# TASK DETAILS
The needed output is the run of lines below from the one containing "2011 Chevrolet Camaro" through the one containing "حامل هاتف مغناطيسي", copied exactly and free of pictures.

Short descriptive text snippets:
Start of Block

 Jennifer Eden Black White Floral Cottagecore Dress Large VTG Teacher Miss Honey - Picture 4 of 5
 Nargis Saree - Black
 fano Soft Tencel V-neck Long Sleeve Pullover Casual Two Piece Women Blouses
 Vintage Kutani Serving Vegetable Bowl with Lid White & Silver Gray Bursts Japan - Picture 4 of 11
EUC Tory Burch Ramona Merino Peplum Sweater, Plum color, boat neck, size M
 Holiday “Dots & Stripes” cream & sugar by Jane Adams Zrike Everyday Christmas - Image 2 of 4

End of Block
Start of Block

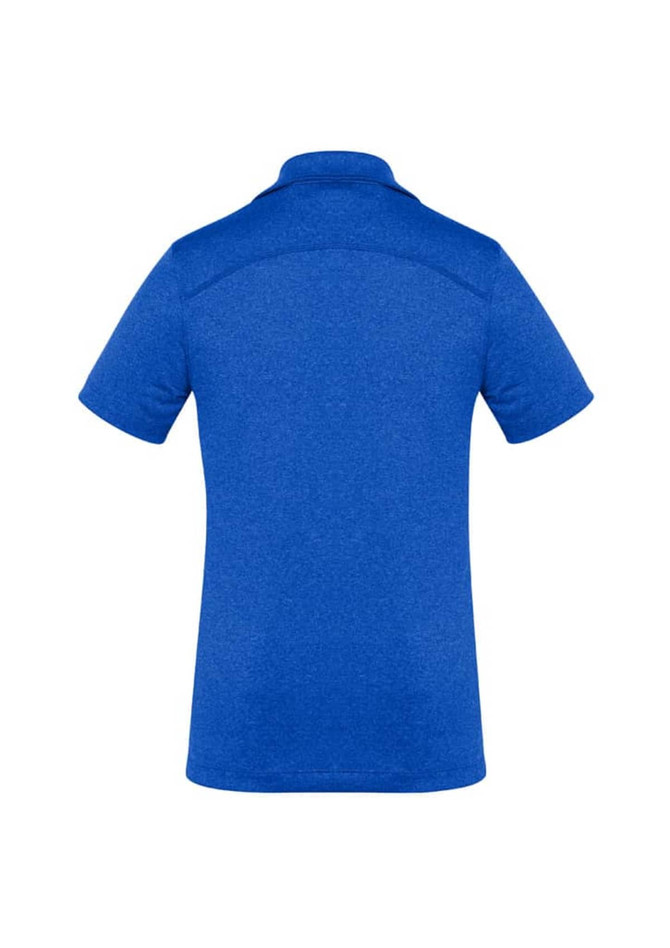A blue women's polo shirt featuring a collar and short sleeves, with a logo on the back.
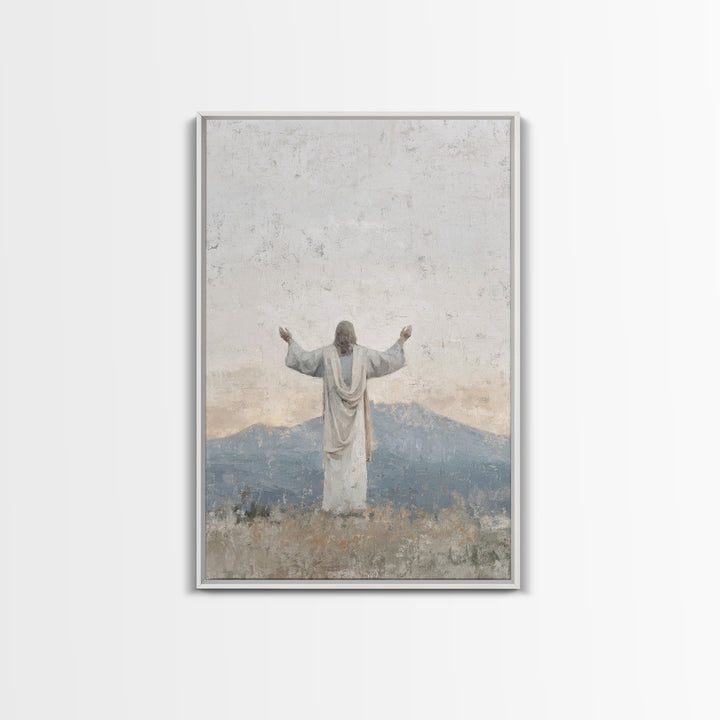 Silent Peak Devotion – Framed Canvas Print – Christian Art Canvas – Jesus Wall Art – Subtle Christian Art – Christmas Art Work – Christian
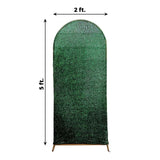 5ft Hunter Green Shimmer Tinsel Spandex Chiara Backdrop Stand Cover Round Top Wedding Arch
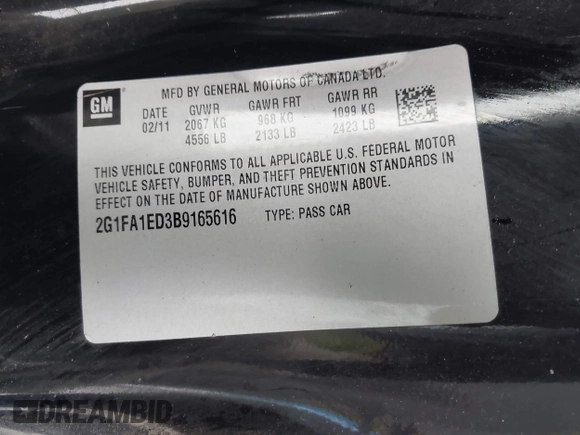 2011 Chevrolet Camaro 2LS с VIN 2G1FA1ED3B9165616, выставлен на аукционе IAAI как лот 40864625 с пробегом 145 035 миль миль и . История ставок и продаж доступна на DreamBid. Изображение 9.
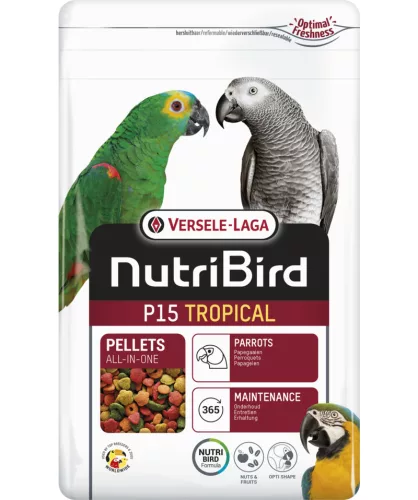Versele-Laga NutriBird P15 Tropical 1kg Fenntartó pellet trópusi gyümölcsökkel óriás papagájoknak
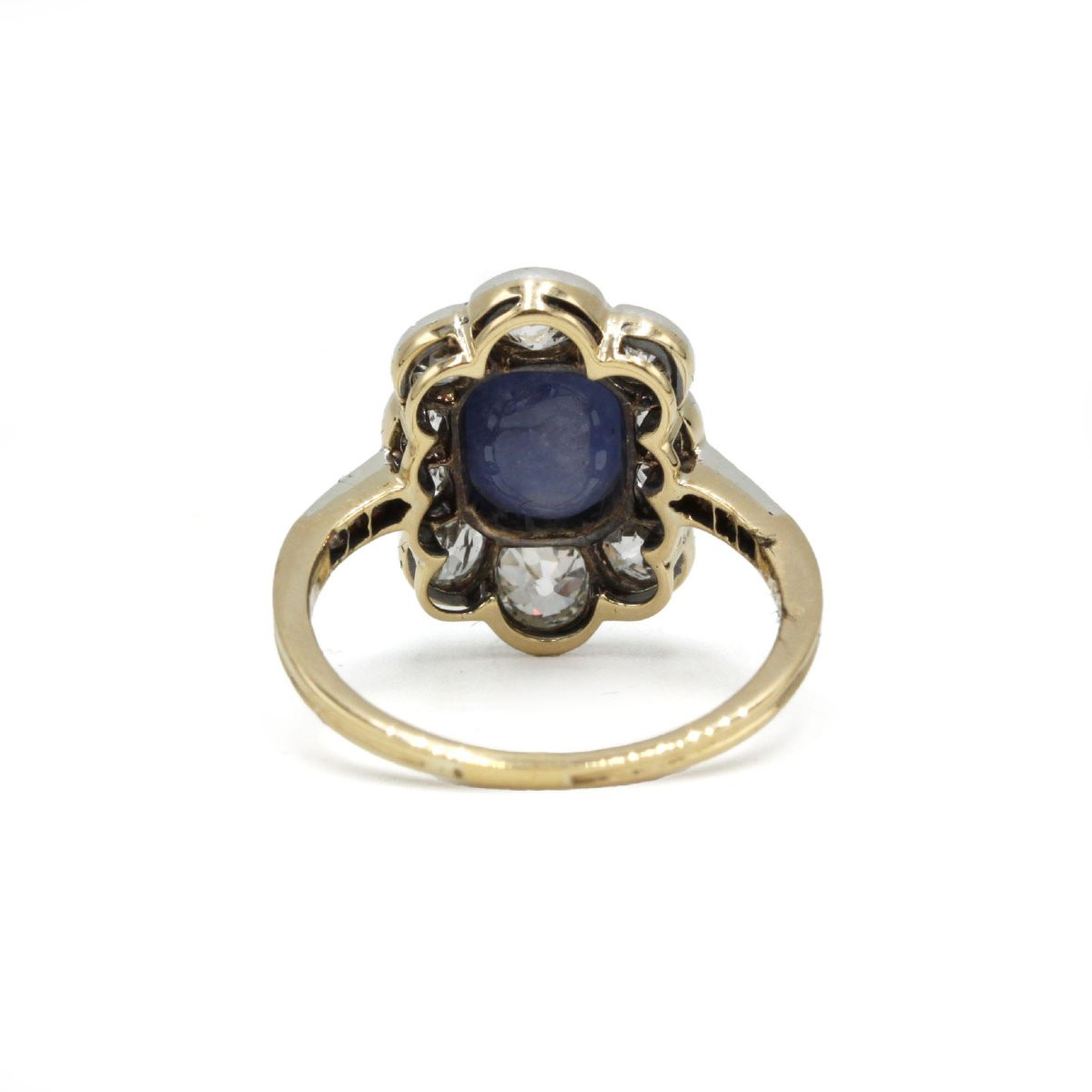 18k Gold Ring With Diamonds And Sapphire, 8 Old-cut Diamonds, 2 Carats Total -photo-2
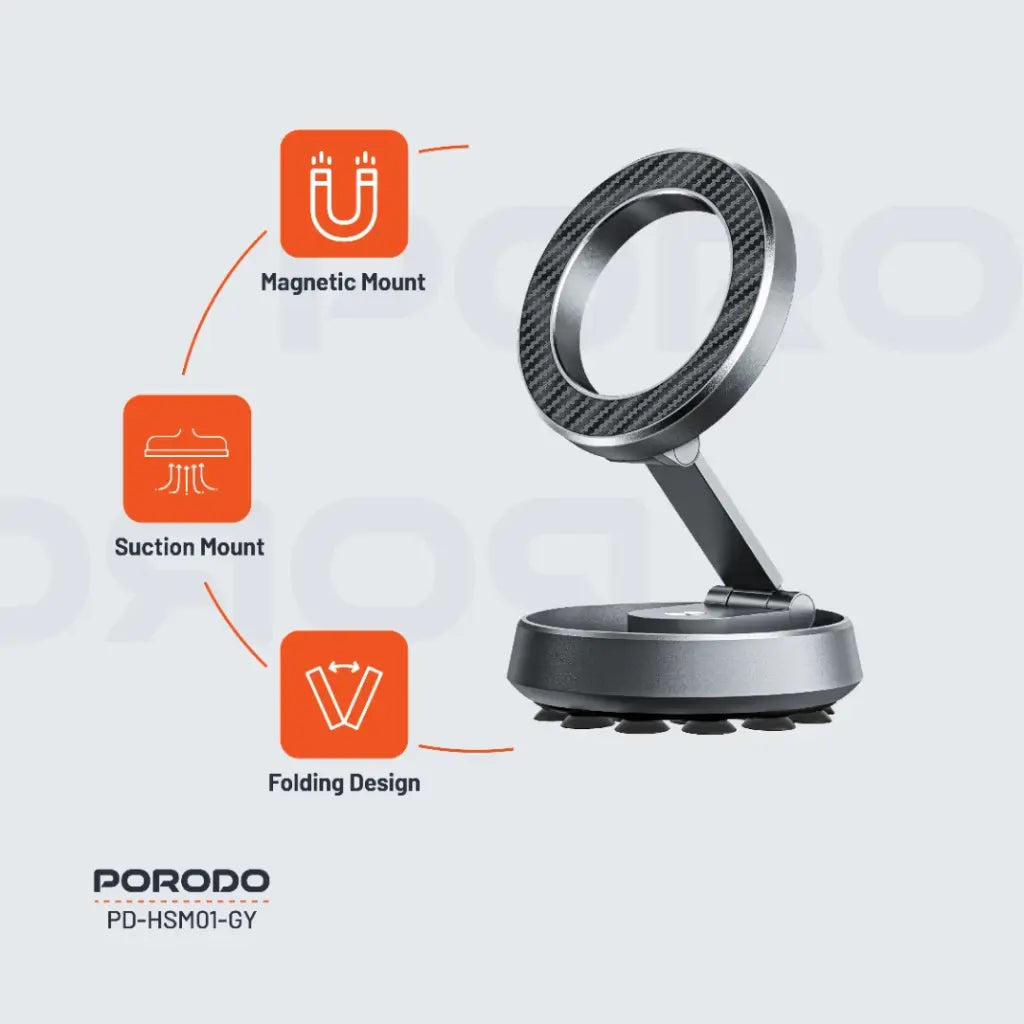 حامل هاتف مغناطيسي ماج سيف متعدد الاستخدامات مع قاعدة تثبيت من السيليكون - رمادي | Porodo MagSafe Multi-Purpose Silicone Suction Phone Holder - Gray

End of Block

# EXERCISE RESULT
 2011 Chevrolet Camaro 2LS с VIN 2G1FA1ED3B9165616, выставлен на аукционе IAAI как лот 40864625 с пробегом 145 035 миль миль и . История ставок и продаж доступна на DreamBid. Изображение 9.
Versele-Laga NutriBird P15 Tropical 1kg Fenntartó pellet trópusi gyümölcsökkel óriás papagájoknak
 18k Gold Ring With Diamonds And Sapphire, 8 Old-cut Diamonds, 2 Carats Total -photo-2
 حامل هاتف مغناطيسي ماج سيف متعدد الاستخدامات مع قاعدة تثبيت من السيليكون - رمادي | Porodo MagSafe Multi-Purpose Silicone Suction Phone Holder - Gray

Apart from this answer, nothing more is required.